Recent changes to the reach of the Financial Ombudsman Service (FOS) have been welcomed by some and questioned by others. The impact of these changes on consumers, financial services firms and the FOS itself is likely to be equally mixed.
For the last six years, the maximum compensation that the FOS has been able to award to a successful claimant has been £150,000. Whilst such an amount may be more than adequate to fully compensate many individual retail claimants, the FCA has recognised that, for many others, it represents an arbitrary, low ceiling that may make using the FOS unattractive. The FOS is now increasingly presented with disputes that are considerably more valuable than the cap - the FCA estimates that around 500 such complaints are submitted each year. Such claimants may well not have losses at the level to justify taking Court action, let alone the capacity to meet legal costs, and therefore could be left between a "rock and a hard place" in terms of redress.

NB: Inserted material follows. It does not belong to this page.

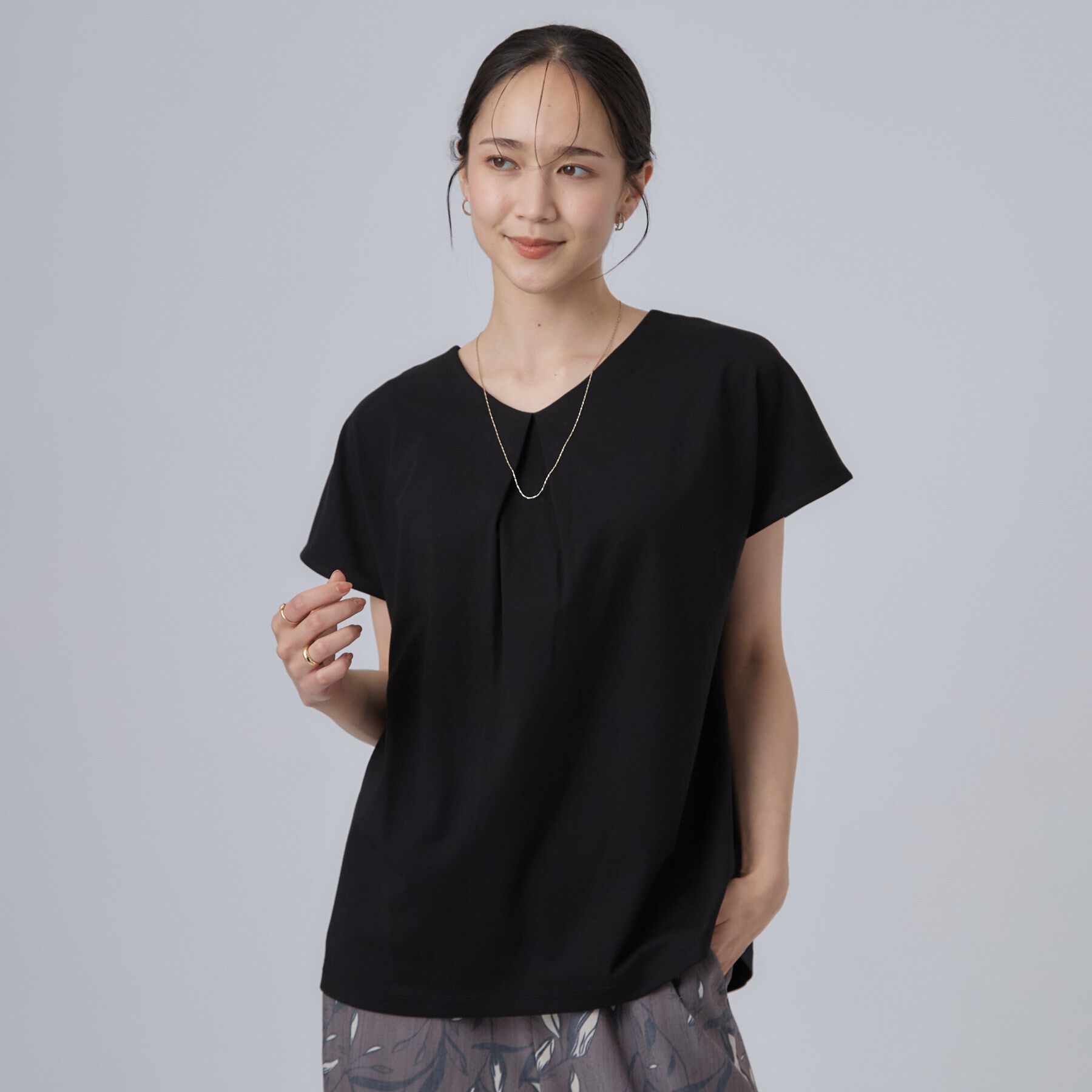 SHOO･LA･RUE「【前後2WAY/S-LL/洗濯機可】楽に着られて好印象 やわらかトップス」|Tシャツ・カットソー|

In response, following a short consultation, the FCA has decided to increase the maximum damages payable to £350,000 for claims commenced after 1 April 2019 and to £160,000 for on-going claims. This represents a significant increase in respect of new claims. This increase will of course be welcomed by individual consumers and the raising of the cap after six years is plainly appropriate. For financial services firms, whilst a pay-out of £350,000 (and usually no costs) may not seem overly onerous, adverse FOS decisions need to be taken seriously. They often point to systemic issues that may suggest that multiple claims - also likely to be successful - will follow, the combined impact of which can be very significant indeed. This is all the more so after the increase.
In addition to raising the cap, the FCA has increased the levels of the eligibility criteria for small business to bring claims before the FOS. Accordingly, from 1 April 2019 businesses with an annual turnover of less than £6.5m and either less than 50 employees, or a balance sheet below £5m, will be eligible to use the FOS.
These changes will serve to substantially increase the number of small businesses that are entitled to use the FOS. During the consultation, many financial services firms questioned the fairness of these rises and whether a small business toward the upper end of these ranges could not afford to use the Courts.
The impact on the FOS of these changes should also not be ignored. Inevitably more claims will be brought and, in turn, more vigorously defended by financial services firms. This will inevitably put more pressure on the FOS, which is already under-resourced. The FOS has reacted by bringing in extra resource in the form of 20 specialists to deal with SME cases in particular, but this may conceivably not be sufficient.
The FCA heard calls during the consultation process for the establishment of a new Tribunal, to sit between the FOS and the Courts. Whilst the FCA was supportive of that idea in principle, such a reform is unlikely any time soon. It seems likely therefore that the FOS will now be faced with a bigger and more complex caseload than ever before. This will inevitably lead to greater delays and potentially more unpredictable decision making – bad news for both claimants and defendants.